August 16, 2016
The White House
President Donald Trump’s inauguration promise that “the American carnage stops right here and stops right now” has proven to be horribly misguided. In fact, after this weekend’s events, it seems impossible to disassociate the president from the violence he claimed was so rampant.
This weekend, white supremacists descended upon Charlottesville, Virginia to protest the removal of a statue of Robert E. Lee. Their violent protest ended in the death of Heather Heyer, an activist involved with the weekend’s counterprotest. Heyer was killed after James Fields rammed his car into a group of counterprotestors in an act that can only be described as an act of domestic terror.
President Trump garnered criticism over the weekend, as his slow and lukewarm response to the events in Charlottesville did not condemn the extremists in strong enough language. He condemned violence on “many sides,” refusing to commit to denouncing the cause and action of openly white supremacists, white nationalists and neo Nazi groups.
He attempted to reverse course this past Monday, saying “Racism is evil—and those who cause violence in its name are criminals and thugs, including KKK, neo-Nazis, and white supremacists.” But this stance was short-lived. During a press conference outside Trump Tower on Tuesday, Trump returned to his initial statement that violence came from many sides.
“You had a group on one side that was bad and you had a group on the other side that was also very violent. Nobody wants to say it, but I will say it right now,” the president said, after he was questioned about why it took him so long to explicitly condemn the white supremacist groups responsible for Charlottesville.
The president went on to claim that he was sure there were “very fine people” in the ranks with the hate groups protesting the statue removal, and even expressed tacit support for their cause. “Where does it stop?” the president asked about the removal of statues dedicated to the confederacy.
Whether or not he knows it, the president on Tuesday has aligned himself with these fringe groups of white supremacist extremists. The KKK’s former grand wizard David Duke thanked the president on Twitter on Tuesday for his apparent support. “Thank you President Trump,” he wrote, “for your honesty and courage to tell the truth about #Charlottesville & condemn the leftist terrorists.”
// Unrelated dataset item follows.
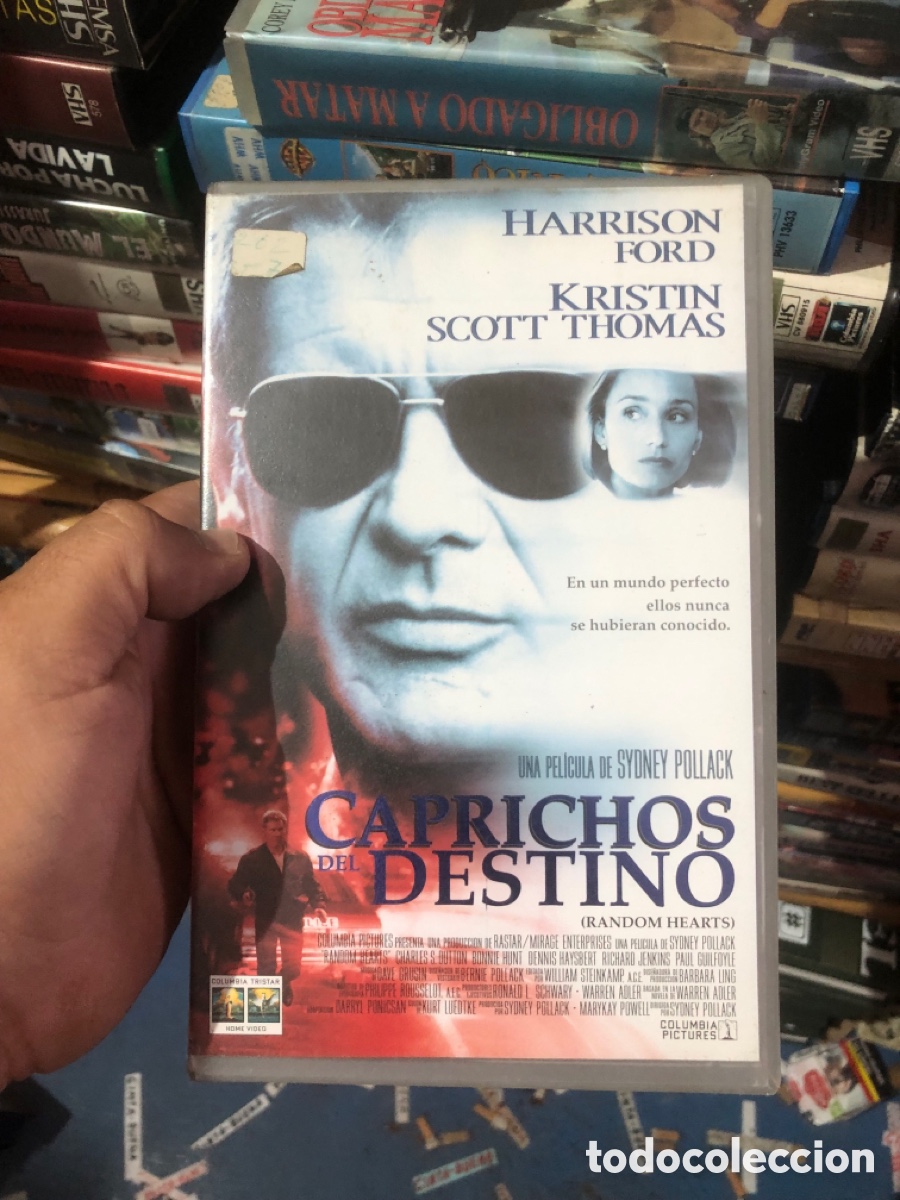 Cine: VHS V&Iacute;DEO CLUB CAPRICHOS DEL DESTINO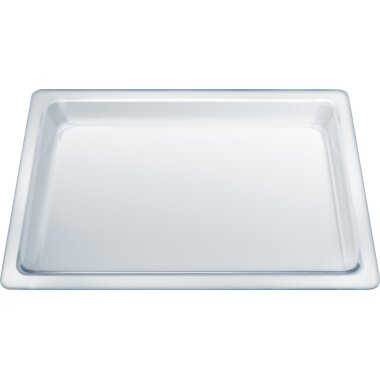 Neff Z11GU20X0, glass pan, 30 x 455 x 364 mm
Duke was present at Saturday’s march, along with another major white supremacist, the National Policy Institute’s Richard Spencer. Spencer also expressed support of the President’s unhinged remarks on Tuesday. “Trump’s statement was down to Earth and fair,” he said.
The president is no stranger to strong language and remarks. He’s continuously lambasted members of Congress, daytime television hosts, and disabled reporters.
Trump’s campaign was run on xenophobic rhetoric and racial fear. He attacked Mexican immigrants. He’s consistently referred to Chicago’s African American communities as war zones. Throughout his campaign, Trump portrayed America as lawless and on the verge of slipping into anarchy, but he was surprisingly at a loss for strong words, when his vision came close to encroaching on the White House doorsteps.
On Pod Save the People, Governor McAuliffe mentioned that some of the militia groups involved with the Unite the Right protest had stored weapons caches throughout the city, had “battering rams and we [Virginia officials] had picked up different weapons that they had stashed around the city.”
This is a frightening new reality, one that a president who has spoken in such jeremiad language is silent on. Trump’s slow condemnation of white supremacists, and his eventual retraction, then reversal to his original stand on the white nationalists as victims, solidifies an image of Trump that has been present since the beginning of the campaign. However, in the wake of the protest and domestic terrorism and murder of a young woman, Trump has made it clear that his loyalties lies with xenophobic and racist groups that even members of his Republican party have quickly and loudly denounced as shameful and un-American.